Trying to decide which 11 of the world’s best cheeses are most worthy of praise is close to impossible. France alone would be a challenge (as Charles de Gaulle once famously said, “How can you govern a country which has 246 varieties of cheese?”) To help with the selection process, we used a few criteria to narrow down the field. Quality was of course our first standard, and each cheese chosen had be considered one of the best, either by cheese experts, certifying bodies, food writers, chefs, or each country’s people — or, most likely, some combination of the above.
Second, we chose our selections based on location, with an eye to geographic diversity; after all, this isn’t just a list of the best cheeses in France and Italy. For a few EU-produced cheeses, we used shorthand and chose cheeses that were in the list of registered PDO cheeses and/or individual countries’ lists of registered, quality-designated cheeses such as AOC and DOP. What does all this alphabet soup mean?
PDO stands for "Protected Designation of Origin," a product label established by European Union law in 1992 to protect the names of regional foods like Parmigiano-Reggiano and Jambon de Bayonne. It’s similar to the EU wine laws of AOC (appellation d'origine contrôlée or "controlled designation of origin”), and this designation protects the integrity of food products’ ingredients, breeds, and terroir, location, culture, history, and production methods, and also indicates exceptional quality.
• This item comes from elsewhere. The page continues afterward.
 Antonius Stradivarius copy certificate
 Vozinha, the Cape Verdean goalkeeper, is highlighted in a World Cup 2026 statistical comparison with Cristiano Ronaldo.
Authenticity, local traditions, and protection from unfair or fraudulent competition are at the core of the regulations, and food products like wine, cheese, ham, chicken, olive oil, fruit, and vegetables all fall under PDO classification. If you are in doubt about the authenticity of a cheese from the EU, you can search by name here. Sadly, the U.S. doesn’t recognize these certifications, which is why you can find cheese made in America labeled as feta, parmesan, etc.